MySQL – Ensuring Database is Fully in UTF8

charsetdatabaseMySQLunicodeutf-8

After some problems with UTF8 and none-UTF8 strings, we're standardising on UTF8. One thing I need to do is check that everything is in UTF8 in the MySQL database? What do I need to check?

  • Server default characterset
  • Default character set of each database
  • Does each text column have a character set? How do I check for that?

I was thinking of putting all this in a nagios plugin to check that everything is in UTF8. Suggestions?

Best Answer

Rory, First of all, you are correct for wanting to monitor what gets created in you databases. While we all implement steps to prevent mistakes, you cannot assume that the mistakes won't creep in. I do a very similar thing as most of our infrastructure demands UTF8.

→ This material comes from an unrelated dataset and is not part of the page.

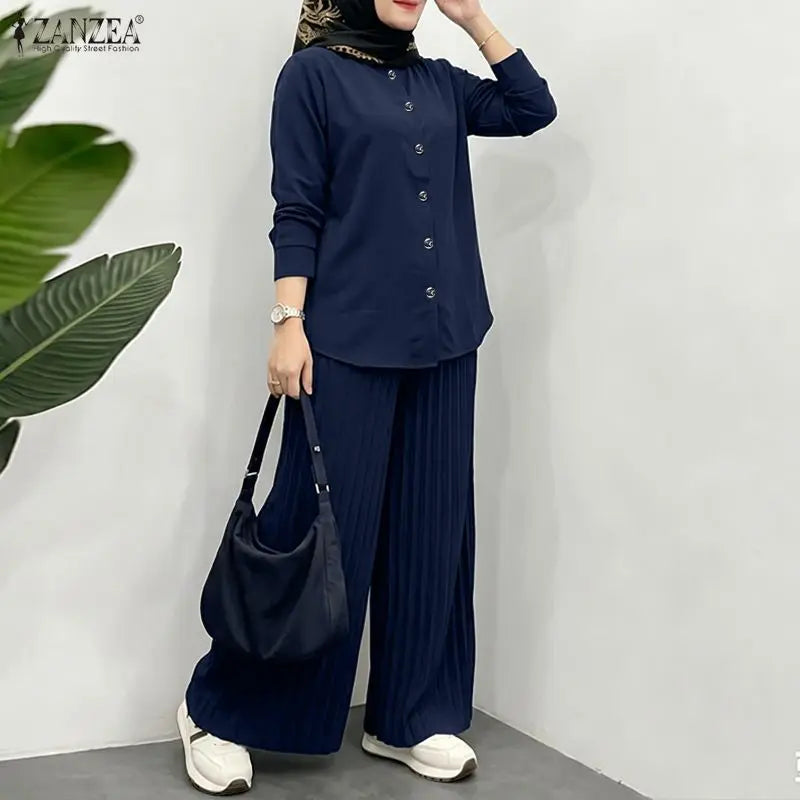 ZANZEA Women Muslim 2 Pieces Sets Casual O Neck Long Sleeve Buttons Up Blouse Wide Leg Pleated Pants Sets Ramadan Hijab Outfits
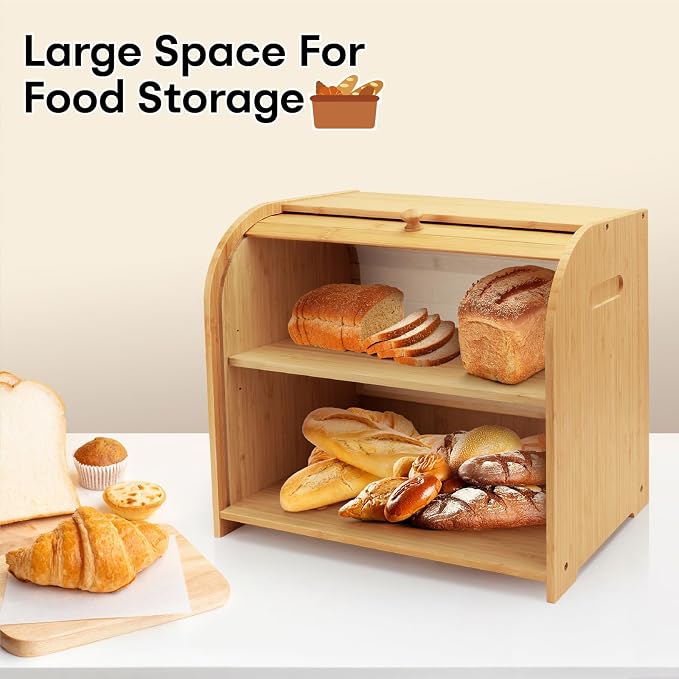Bread Box for Kitchen Countertop, Double Layer Bamboo Bread Storage Container for Homemade Bread, Roll Top Bread Box with 3 Adjustable Height for Kitchen Counter, Natural Breadbox Organizer | 3 Adjustable Height, Large Capacity, Bamboo Bread Storage Co... - Image 3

The following queries are good for checking stats:

SELECT DEFAULT_CHARACTER_SET_NAME, DEFAULT_COLLATION_NAME, COUNT(0) AS COUNT FROM information_schema.SCHEMATA GROUP BY DEFAULT_CHARACTER_SET_NAME, DEFAULT_COLLATION_NAME;
# to filter schema use SCHEMA_NAME in the where clause
SELECT TABLE_COLLATION, COUNT(0) AS COUNT FROM information_schema.TABLES WHERE TABLE_COLLATION IS NOT NULL GROUP BY TABLE_COLLATION;
# to filter schema use TABLE_SCHEMA in the where clause
SELECT CHARACTER_SET_NAME, COLLATION_NAME, COUNT(0) AS COUNT FROM information_schema.COLUMNS WHERE CHARACTER_SET_NAME IS NOT NULL AND COLLATION_NAME IS NOT NULL GROUP BY CHARACTER_SET_NAME, COLLATION_NAME;
# to filter schema use TABLE_SCHEMA in the where clause

The following queries would be good from a cron job that emails you if any results are found:

SELECT SCHEMA_NAME, DEFAULT_CHARACTER_SET_NAME, DEFAULT_COLLATION_NAME FROM information_schema.SCHEMATA WHERE DEFAULT_CHARACTER_SET_NAME NOT LIKE '%utf8%' OR DEFAULT_COLLATION_NAME NOT LIKE '%utf8%';
# to filter schema use SCHEMA_NAME in the where clause
SELECT TABLE_SCHEMA, TABLE_NAME, TABLE_COLLATION FROM information_schema.TABLES WHERE TABLE_COLLATION IS NOT NULL AND TABLE_COLLATION NOT LIKE '%utf8%';
# to filter schema use TABLE_SCHEMA in the where clause
SELECT TABLE_SCHEMA, TABLE_NAME, COLUMN_NAME, DATA_TYPE, CHARACTER_SET_NAME, COLLATION_NAME FROM information_schema.COLUMNS WHERE CHARACTER_SET_NAME NOT LIKE '%utf8%' OR COLLATION_NAME NOT LIKE '%utf8%';
# to filter schema use TABLE_SCHEMA in the where clause

These queries work for MySQL >= 5.0. If you need help writing the cron job, let me know.

I also have a problem with my developers (mostly the Ruby on Rails team) creating InnoDB tables when they don't need them. To keep this under wraps I monitor the staging database with a cron that calls:

SELECT TABLE_SCHEMA, TABLE_NAME, ENGINE FROM information_schema.TABLES WHERE ENGINE = 'InnoDB';